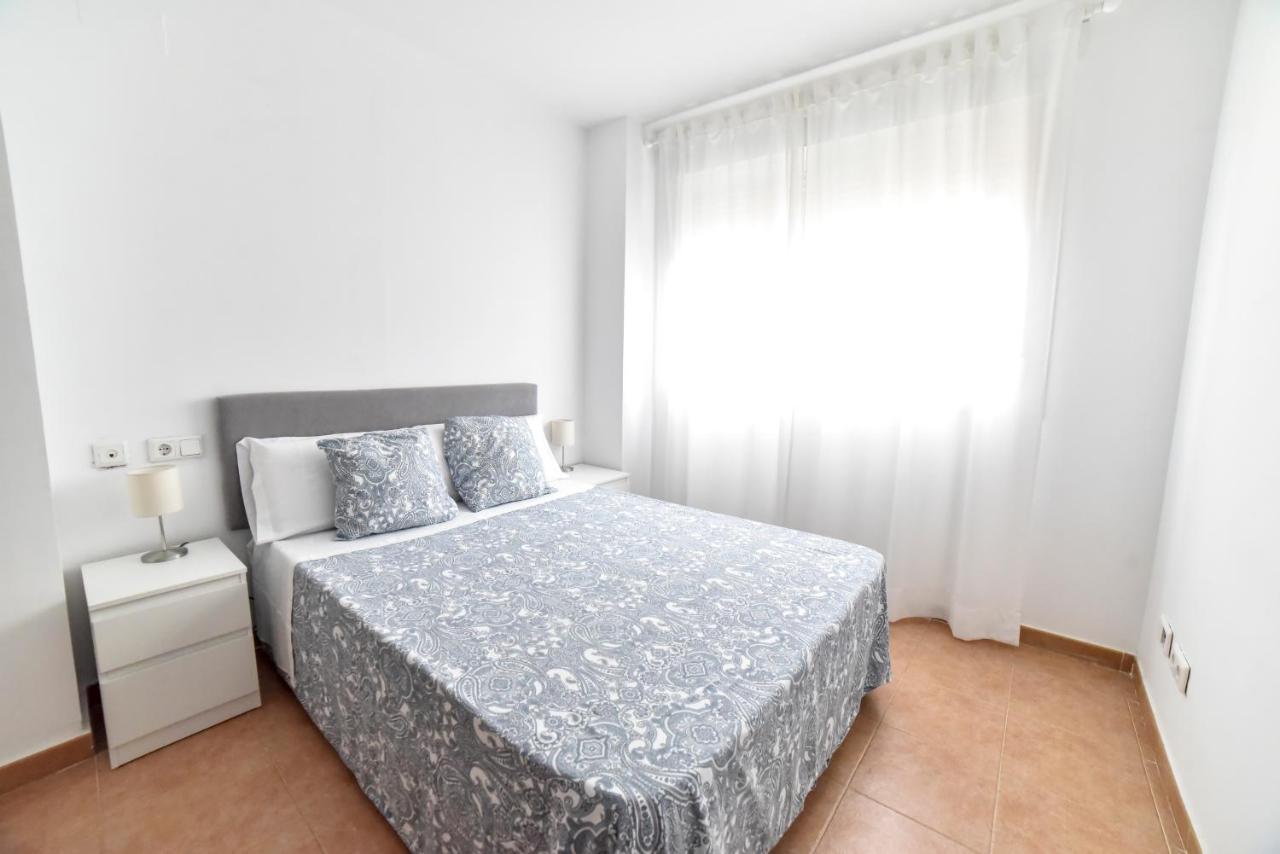 Amplio Con Parking, Club Y Piscina Junto A Sevilla Apartment *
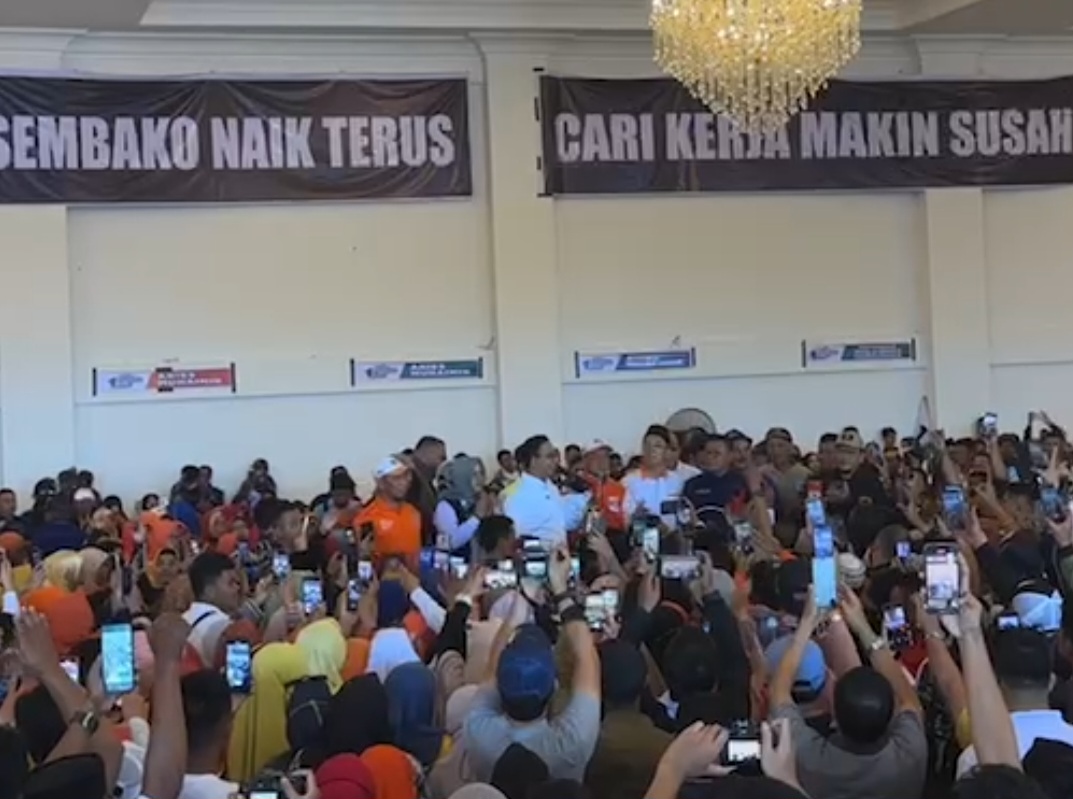 Anies Baswedan di Pasar Segiri Samarinda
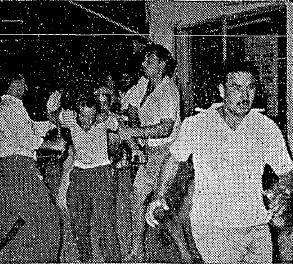 המהומה ב''כסית'': אחד המפגינים נתפס על ידי ההמון (מתןך גיליון מעריב, יולי 1959 - ארכיון עתונות יהודית)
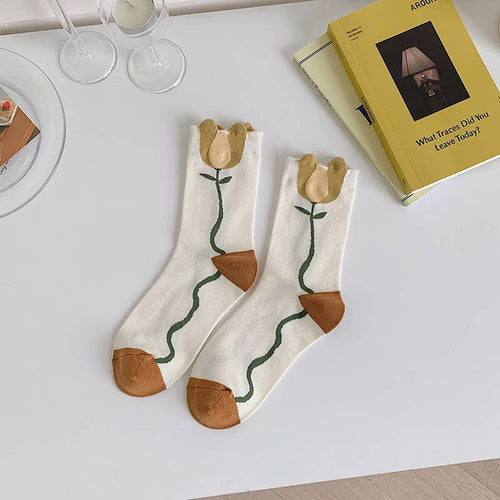 Brown retro flower breathable mid-tube women's socks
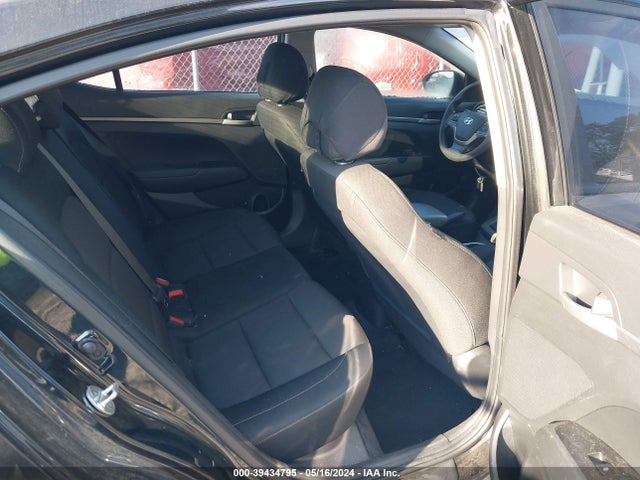 Hyundai ELANTRA SE 2018 5NPD74LF7JH224729 Image 8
◆ ◆ ◆ ◆ ◆ ◆ ◆
Problem to work on:
Give the data above again, exactly, with every picture removed.

Exercise result:
 Amplio Con Parking, Club Y Piscina Junto A Sevilla Apartment *
 Anies Baswedan di Pasar Segiri Samarinda
 המהומה ב''כסית'': אחד המפגינים נתפס על ידי ההמון (מתןך גיליון מעריב, יולי 1959 - ארכיון עתונות יהודית)
 Brown retro flower breathable mid-tube women's socks
 Hyundai ELANTRA SE 2018 5NPD74LF7JH224729 Image 8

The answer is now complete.